Starting at the line that contains "Деловой демисезонный костюм", reproduce only the lines through the end of the data, exactly, including both the first and the last; skip the pictures.
++++ DATA BELOW
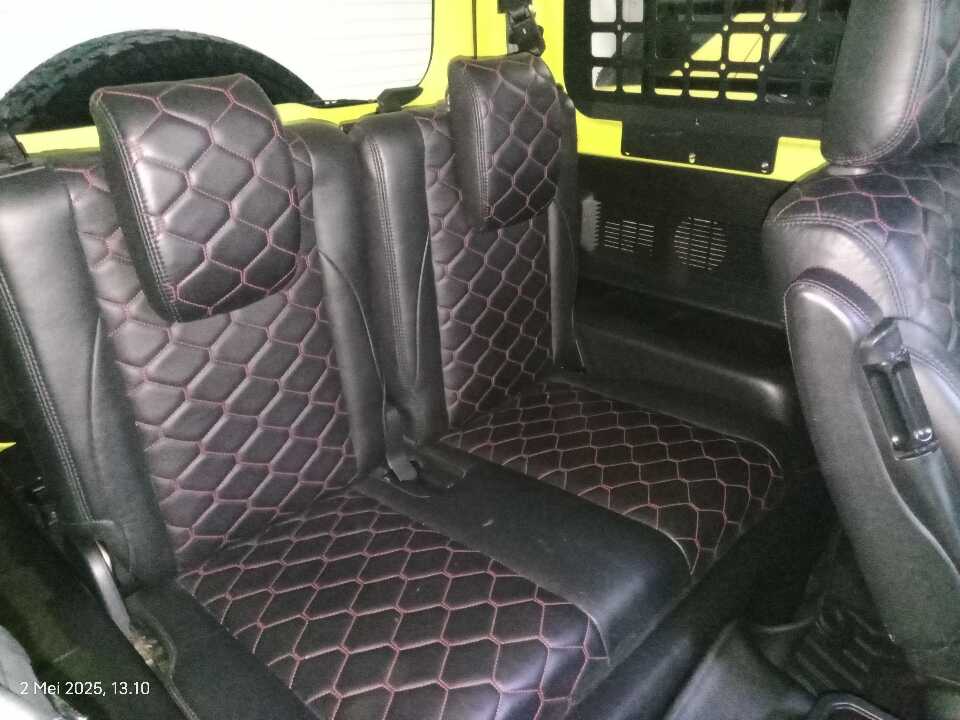 Foto Mobil Bekas Kabin Belakang Suzuki Jimny 1.5 4x4 tahun 2020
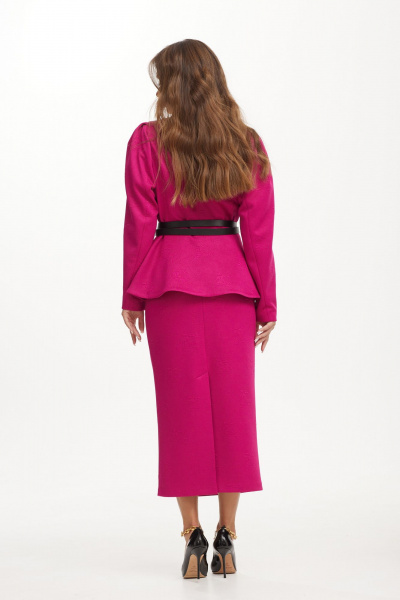 Деловой демисезонный костюм из трикотажа жакет и юбка розового цвета Vesnaletto 3981 - фото 2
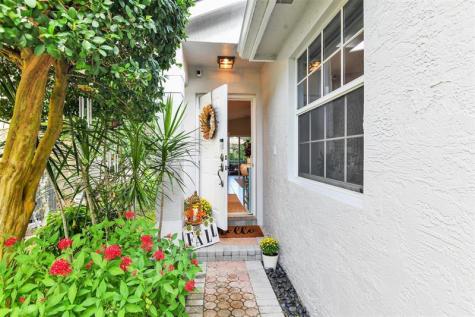 5285 NW 117th Avenue Coral Springs FL 33076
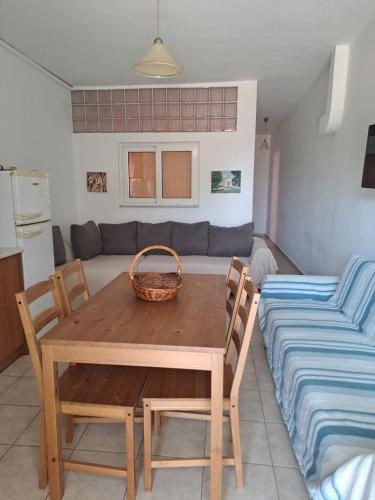 Flisvos Apartments in Megalochori (Agkistri)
++++++++
- **RESULT**:
 Деловой демисезонный костюм из трикотажа жакет и юбка розового цвета Vesnaletto 3981 - фото 2
 5285 NW 117th Avenue Coral Springs FL 33076
 Flisvos Apartments in Megalochori (Agkistri)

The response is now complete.